Fundamental elements to document to support skilled care:
- Skilled involvement is required for the services in question to be furnished safely and effectively.
- The services themselves are reasonable, necessary and consistent with the scope and severity of the resident’s illness or injury.
- The resident’s medical needs are being met by an accepted standard of practice.
- The services are appropriate in terms of duration and quantity, and promote the therapeutic goals.
How does documenting these fundamental elements change the actual practices in our organization? The documentation in the medical record must be accurate and avoid vague, non-descriptive notes on resident care. Non-descriptive documentation can result in a claim denial or reduction in payment. Common documentation pitfalls may include phraseology such as:
- Resident ate 100% of meals and rested throughout the day.
- Tolerates therapy; received pain medication prior to treatment.

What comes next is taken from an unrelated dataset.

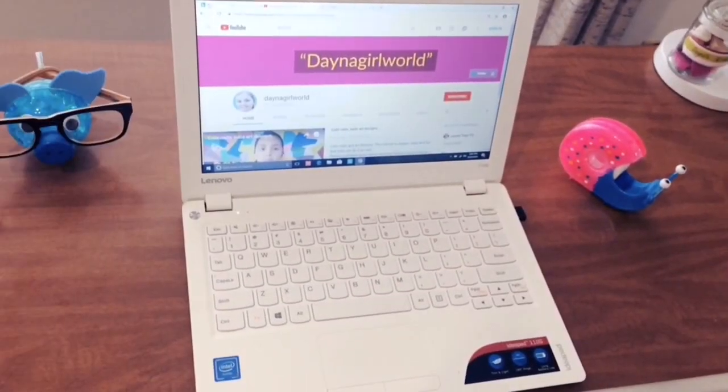Hey guys, in today's video I'll be showing you a few computer hacks and tricks, so let's get started.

- Slept through the night.
- Faxed lab results to physician.
- No change in overall status from yesterday.
- Combative with staff daily; administered Ativan.
- Participates daily in therapy.
So what are our next steps? The end goal is to verify nursing documentation that consistently reflects reasonable and necessary services. Although this task may seem daunting, these simple steps will lead an organization’s staff to success:
- Develop a Medicare educational program for all licensed nurses, not only at the time of hire but also yearly.
- Review Medicare documentation weekly.
- Provide ongoing mentoring of your nursing staff.
- Review the updated Medicare Benefit Policy Manual for Extended Care SNF Services.
- Commit, as a leader, to guarantee your systems truly reflect the Medicare documentation standards.
Colleen Toebe is a consultant with Pathway Health and a master trainer with AANAC.